Deep reinforcement learning, which combines deep learning with reinforcement learning, has shown significant effect in decision making problems. However, it requires vast computational resources to achieve a promising performance, for example, even training Atari game using deep Q-learning algorithm requires hundreds of millions of game frames \cite{he2016learning}. In fact, the sparsity and delay character of reward signal serves as an potential reason. (e.g. in the case that an agent can only achieve reward at the end of the game, it takes time for the reward to back-propagate to previous states, thus make it slower)
To address this problem, He et.al. proposed an algorithm using fast reward propagation via optimality tightening that capture rewards within a few steps from both forward and backward steps of replays \cite{he2016learning}. This modified Q-learning algorithm shows efficiency in discrete state space. And We wonder whether the idea of utilizing rewards from "k-neighbours" states will accelerate the deep reinforcement learning problem in continuous state spaces as well (This idea is from CS294 Deep RL Project Suggestions - Fall 2018).

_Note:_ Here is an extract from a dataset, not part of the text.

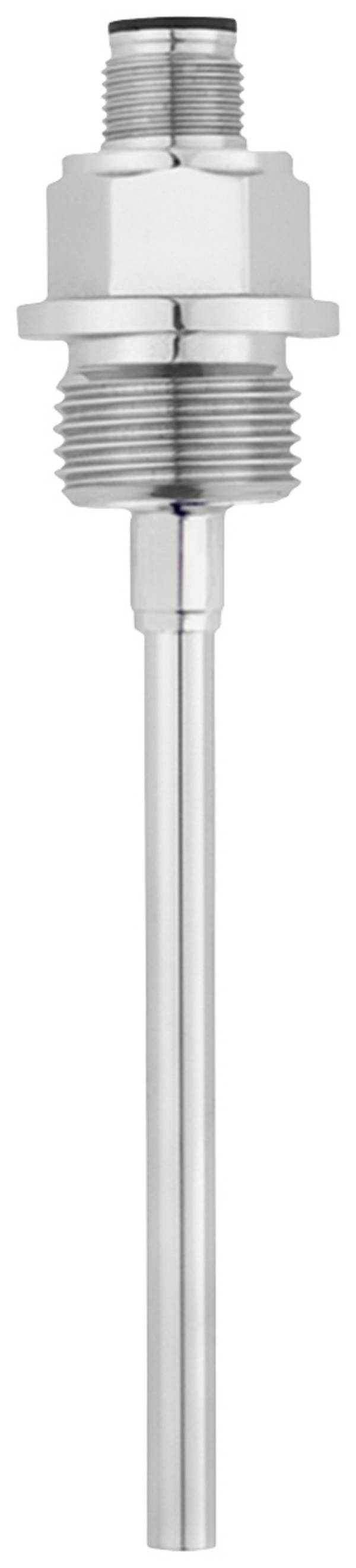 Jumo 00516245 00516245 odporový teploměr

By investigating the reward function of Q learning more carefully, we can improve the speed of propagation and achieve improved convergence by longer state-action-reward sequences. In this way, we are able to propagate the rewards directly to steps away, and thus tighten the optimality by finding upper and lower bound using these information.
However, a significant assumption is based on the discrete space of action and state. Our project intends to extend the method so that it can be applied to the continuous control and advanced performance. For example, by experimenting the actor-critic algorithm, some classic problems such as swing-up, dexterous manipulation, legged locomotion and car driving can be expected. Our hypothesis is that the idea of using longer state-action-reward sequences is also applicable in continuous states and will accelerate the training.
To simulate the walking task, we will use various models built in the OpenAI Gym environment, such as the ant, the cheetah and the humanoid robot. We plan to start from continuous toy models in Gym (e.g. cart-pole) and ultimately apply it in humanoid robot. To apply the method proposed in \cite{he2016learning} to continuous state spaces during walking task, some methods such as actor-critic based Deep Deterministic Policy Gradient (DDPG) \cite{lillicrap2015continuous} and Normalized Advantage Functions (NAF) \cite{gu2016continuous} might be considered.
In this project, we plan to adapt the idea of utilizing the rewards from "k-neighbour" steps to the continuous state space by exploring both DDPG and NAF methods and compare them in detail.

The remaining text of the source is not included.